Kumar Dhirendra, Dash Debasis
G.N. Ramachandran Knowledge Centre for Genome Informatics, CSIR-Institute of Genomics and Integrative Biology, South Campus, Sukhdev Vihar, Mathura Road, Delhi, 110025, India.
Adv Exp Med Biol. 2016;926:1-10. doi: 10.1007/978-3-319-42316-6_1.

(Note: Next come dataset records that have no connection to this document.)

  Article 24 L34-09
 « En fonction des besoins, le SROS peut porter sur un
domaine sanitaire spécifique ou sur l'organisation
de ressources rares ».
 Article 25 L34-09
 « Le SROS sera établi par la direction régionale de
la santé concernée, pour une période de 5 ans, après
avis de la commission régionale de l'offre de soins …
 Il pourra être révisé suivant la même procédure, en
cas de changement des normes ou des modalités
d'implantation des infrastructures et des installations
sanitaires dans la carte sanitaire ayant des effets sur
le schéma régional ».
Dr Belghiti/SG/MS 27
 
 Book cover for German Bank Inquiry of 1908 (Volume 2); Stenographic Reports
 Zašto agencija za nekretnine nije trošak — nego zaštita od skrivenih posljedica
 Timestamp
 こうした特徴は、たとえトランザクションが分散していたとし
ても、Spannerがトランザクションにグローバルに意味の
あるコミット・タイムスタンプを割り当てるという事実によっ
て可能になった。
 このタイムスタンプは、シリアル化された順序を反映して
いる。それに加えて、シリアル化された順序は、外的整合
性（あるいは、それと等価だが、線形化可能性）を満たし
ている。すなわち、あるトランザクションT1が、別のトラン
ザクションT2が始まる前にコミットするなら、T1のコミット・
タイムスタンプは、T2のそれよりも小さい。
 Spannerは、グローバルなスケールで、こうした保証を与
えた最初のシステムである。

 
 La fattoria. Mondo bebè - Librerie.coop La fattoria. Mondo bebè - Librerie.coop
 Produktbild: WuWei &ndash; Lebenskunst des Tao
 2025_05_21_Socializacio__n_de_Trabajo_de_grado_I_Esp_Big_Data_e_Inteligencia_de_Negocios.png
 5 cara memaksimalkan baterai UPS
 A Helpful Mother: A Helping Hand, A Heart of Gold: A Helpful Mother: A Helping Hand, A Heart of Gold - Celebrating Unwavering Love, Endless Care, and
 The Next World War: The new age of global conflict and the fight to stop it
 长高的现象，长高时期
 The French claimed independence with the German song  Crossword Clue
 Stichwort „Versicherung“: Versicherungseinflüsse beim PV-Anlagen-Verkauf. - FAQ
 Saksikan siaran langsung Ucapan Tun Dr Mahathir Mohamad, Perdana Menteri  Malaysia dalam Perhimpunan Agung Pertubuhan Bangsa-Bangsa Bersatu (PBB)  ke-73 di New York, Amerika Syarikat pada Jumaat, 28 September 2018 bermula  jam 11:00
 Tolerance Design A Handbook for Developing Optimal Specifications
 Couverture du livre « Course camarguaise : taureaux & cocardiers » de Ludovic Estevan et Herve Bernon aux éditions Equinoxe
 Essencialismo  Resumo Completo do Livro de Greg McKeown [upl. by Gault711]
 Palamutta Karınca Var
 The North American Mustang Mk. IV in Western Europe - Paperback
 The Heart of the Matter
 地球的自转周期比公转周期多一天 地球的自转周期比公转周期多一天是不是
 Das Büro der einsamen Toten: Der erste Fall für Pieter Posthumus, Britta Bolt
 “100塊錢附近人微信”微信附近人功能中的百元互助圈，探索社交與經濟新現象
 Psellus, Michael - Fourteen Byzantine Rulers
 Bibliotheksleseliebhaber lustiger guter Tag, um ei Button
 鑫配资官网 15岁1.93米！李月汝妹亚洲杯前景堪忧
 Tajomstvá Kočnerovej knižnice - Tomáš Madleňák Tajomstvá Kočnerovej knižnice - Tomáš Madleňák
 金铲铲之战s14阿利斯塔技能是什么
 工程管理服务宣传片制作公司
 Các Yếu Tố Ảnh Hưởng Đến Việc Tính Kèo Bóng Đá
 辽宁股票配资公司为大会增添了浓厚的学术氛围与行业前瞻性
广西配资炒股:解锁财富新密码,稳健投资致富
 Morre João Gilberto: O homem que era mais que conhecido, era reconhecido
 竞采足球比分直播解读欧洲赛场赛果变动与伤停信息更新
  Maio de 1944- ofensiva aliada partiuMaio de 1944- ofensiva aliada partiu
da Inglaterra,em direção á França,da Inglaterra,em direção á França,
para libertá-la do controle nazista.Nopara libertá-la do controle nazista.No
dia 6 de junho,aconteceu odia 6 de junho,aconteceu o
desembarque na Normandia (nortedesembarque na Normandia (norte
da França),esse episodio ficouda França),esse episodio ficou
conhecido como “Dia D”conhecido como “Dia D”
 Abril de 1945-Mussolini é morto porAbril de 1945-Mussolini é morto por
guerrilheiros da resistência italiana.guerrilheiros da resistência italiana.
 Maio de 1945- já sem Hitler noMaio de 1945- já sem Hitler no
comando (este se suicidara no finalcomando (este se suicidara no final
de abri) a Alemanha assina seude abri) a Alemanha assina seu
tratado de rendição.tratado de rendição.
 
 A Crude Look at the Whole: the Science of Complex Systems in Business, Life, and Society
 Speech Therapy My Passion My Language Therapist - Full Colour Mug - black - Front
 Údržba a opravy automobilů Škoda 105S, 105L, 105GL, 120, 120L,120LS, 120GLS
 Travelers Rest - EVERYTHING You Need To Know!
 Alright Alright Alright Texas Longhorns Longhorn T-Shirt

Proteogenomic strategies aim to refine genome-wide annotations of protein coding features by using actual protein level observations. Most of the currently applied proteogenomic approaches include integrative analysis of multiple types of high-throughput omics data, e.g., genomics, transcriptomics, proteomics, etc. Recent efforts towards creating a human proteome map were primarily targeted to experimentally detect at least one protein product for each gene in the genome and extensively utilized proteogenomic approaches. The 14 year long wait to get a draft human proteome map, after completion of similar efforts to sequence the genome, explains the huge complexity and technical hurdles of such efforts. Further, the integrative analysis of large-scale multi-omics datasets inherent to these studies becomes a major bottleneck to their success. However, recent developments of various analysis tools and pipelines dedicated to proteogenomics reduce both the time and complexity of such analysis. Here, we summarize notable approaches, studies, software developments and their potential applications towards eukaryotic genome annotation and clinical proteogenomics.
蛋白质基因组学策略旨在通过使用实际的蛋白质水平观察结果来完善蛋白质编码特征的全基因组注释。目前应用的大多数蛋白质基因组学方法包括对多种类型的高通量组学数据进行综合分析,例如基因组学、转录组学、蛋白质组学等。近期绘制人类蛋白质组图谱的努力主要目标是通过实验检测基因组中每个基因的至少一种蛋白质产物,并广泛利用了蛋白质基因组学方法。在完成类似的基因组测序工作后,等待人类蛋白质组图谱草图长达14年,这说明了此类工作的巨大复杂性和技术障碍。此外,这些研究中固有的大规模多组学数据集的综合分析成为其成功的主要瓶颈。然而,最近专门用于蛋白质基因组学的各种分析工具和流程的开发减少了此类分析的时间和复杂性。在这里,我们总结了用于真核生物基因组注释和临床蛋白质基因组学的显著方法、研究、软件开发及其潜在应用。